Segment Start: DATA PROVIDED

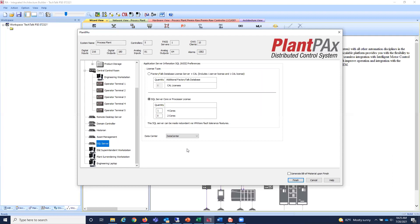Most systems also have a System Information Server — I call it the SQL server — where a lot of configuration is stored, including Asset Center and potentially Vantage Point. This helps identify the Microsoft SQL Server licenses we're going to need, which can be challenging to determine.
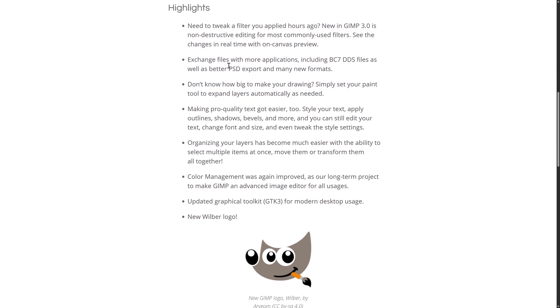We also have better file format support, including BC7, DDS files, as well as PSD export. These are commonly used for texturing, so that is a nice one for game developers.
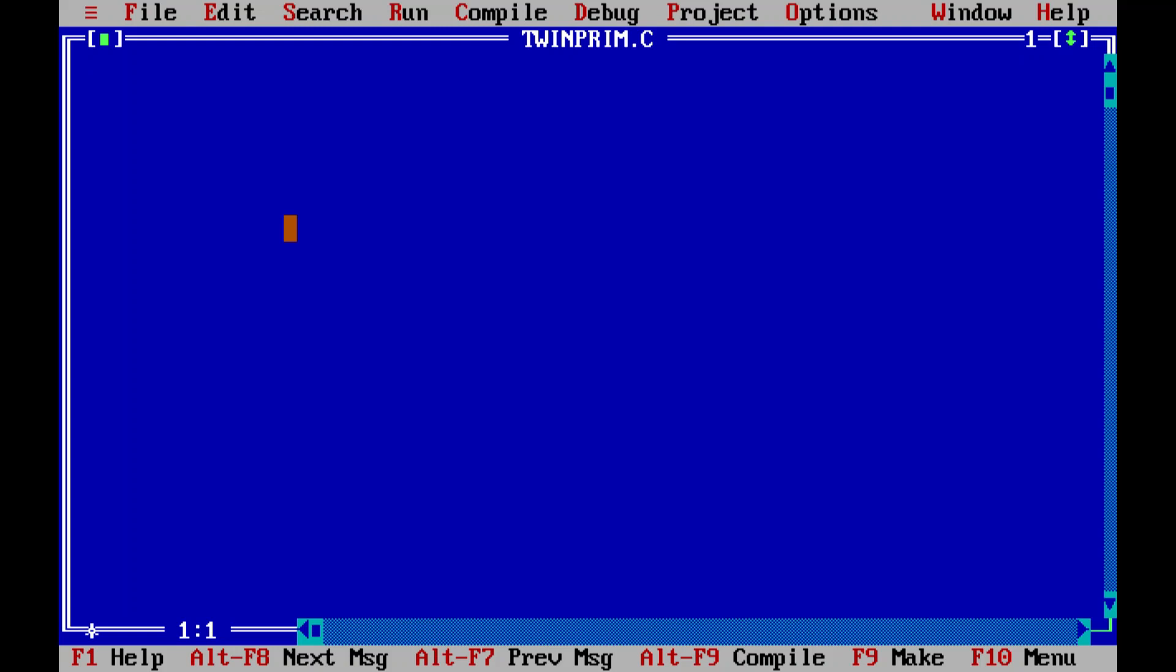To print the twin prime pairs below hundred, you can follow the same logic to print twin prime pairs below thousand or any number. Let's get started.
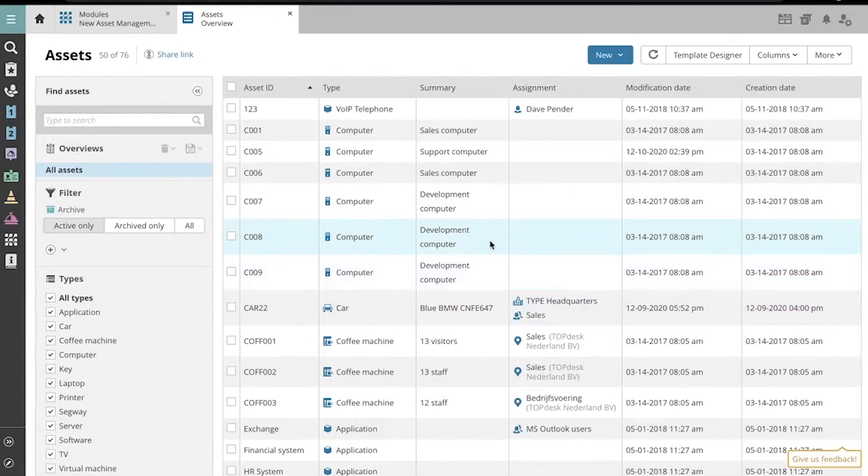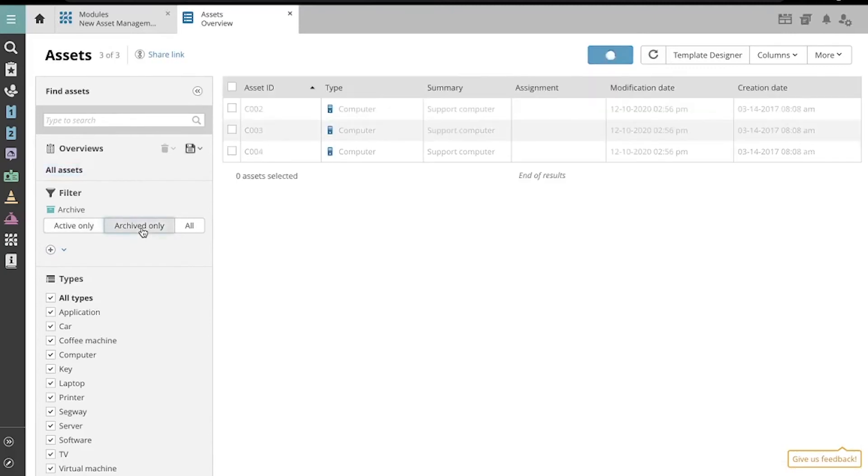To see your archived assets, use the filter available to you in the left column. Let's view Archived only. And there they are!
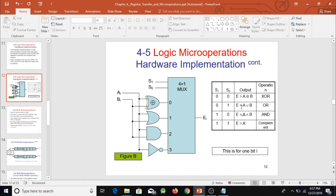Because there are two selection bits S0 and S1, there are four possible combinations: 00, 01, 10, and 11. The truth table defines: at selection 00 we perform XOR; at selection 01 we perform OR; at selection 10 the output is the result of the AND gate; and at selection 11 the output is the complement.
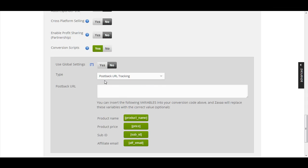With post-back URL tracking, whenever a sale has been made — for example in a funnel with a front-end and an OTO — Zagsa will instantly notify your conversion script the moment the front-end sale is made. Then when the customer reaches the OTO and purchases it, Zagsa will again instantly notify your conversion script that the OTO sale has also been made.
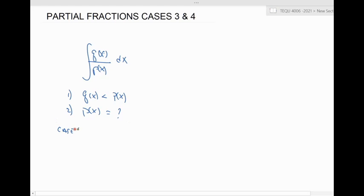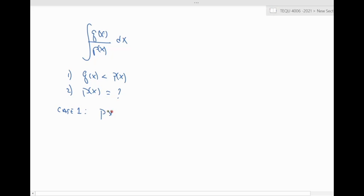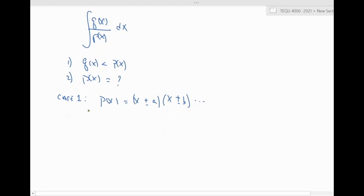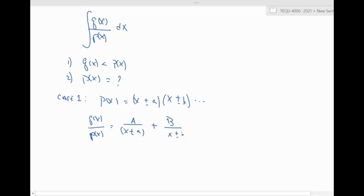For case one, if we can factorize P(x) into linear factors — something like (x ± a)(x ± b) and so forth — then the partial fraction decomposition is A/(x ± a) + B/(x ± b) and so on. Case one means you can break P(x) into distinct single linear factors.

Segment End: DATA PROVIDED
Segment Start: DATA PROVIDED

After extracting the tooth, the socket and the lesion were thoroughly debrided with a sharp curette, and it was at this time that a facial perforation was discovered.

Segment End: DATA PROVIDED
Segment Start: DATA PROVIDED

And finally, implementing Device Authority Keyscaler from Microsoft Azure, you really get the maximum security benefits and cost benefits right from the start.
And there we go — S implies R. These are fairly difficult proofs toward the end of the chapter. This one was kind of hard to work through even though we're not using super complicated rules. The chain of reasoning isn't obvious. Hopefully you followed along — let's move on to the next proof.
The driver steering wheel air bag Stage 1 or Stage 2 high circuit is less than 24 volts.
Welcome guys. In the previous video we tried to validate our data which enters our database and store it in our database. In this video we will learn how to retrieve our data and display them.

Segment End: DATA PROVIDED

Copy out exactly the material that runs from the line with "Most systems also" to the line with "For case one, if", ends included, and leave the pictures behind.

■ RESPONSE AREA:
Most systems also have a System Information Server — I call it the SQL server — where a lot of configuration is stored, including Asset Center and potentially Vantage Point. This helps identify the Microsoft SQL Server licenses we're going to need, which can be challenging to determine.
We also have better file format support, including BC7, DDS files, as well as PSD export. These are commonly used for texturing, so that is a nice one for game developers.
To print the twin prime pairs below hundred, you can follow the same logic to print twin prime pairs below thousand or any number. Let's get started.
To see your archived assets, use the filter available to you in the left column. Let's view Archived only. And there they are!
Because there are two selection bits S0 and S1, there are four possible combinations: 00, 01, 10, and 11. The truth table defines: at selection 00 we perform XOR; at selection 01 we perform OR; at selection 10 the output is the result of the AND gate; and at selection 11 the output is the complement.
With post-back URL tracking, whenever a sale has been made — for example in a funnel with a front-end and an OTO — Zagsa will instantly notify your conversion script the moment the front-end sale is made. Then when the customer reaches the OTO and purchases it, Zagsa will again instantly notify your conversion script that the OTO sale has also been made.
For case one, if we can factorize P(x) into linear factors — something like (x ± a)(x ± b) and so forth — then the partial fraction decomposition is A/(x ± a) + B/(x ± b) and so on. Case one means you can break P(x) into distinct single linear factors.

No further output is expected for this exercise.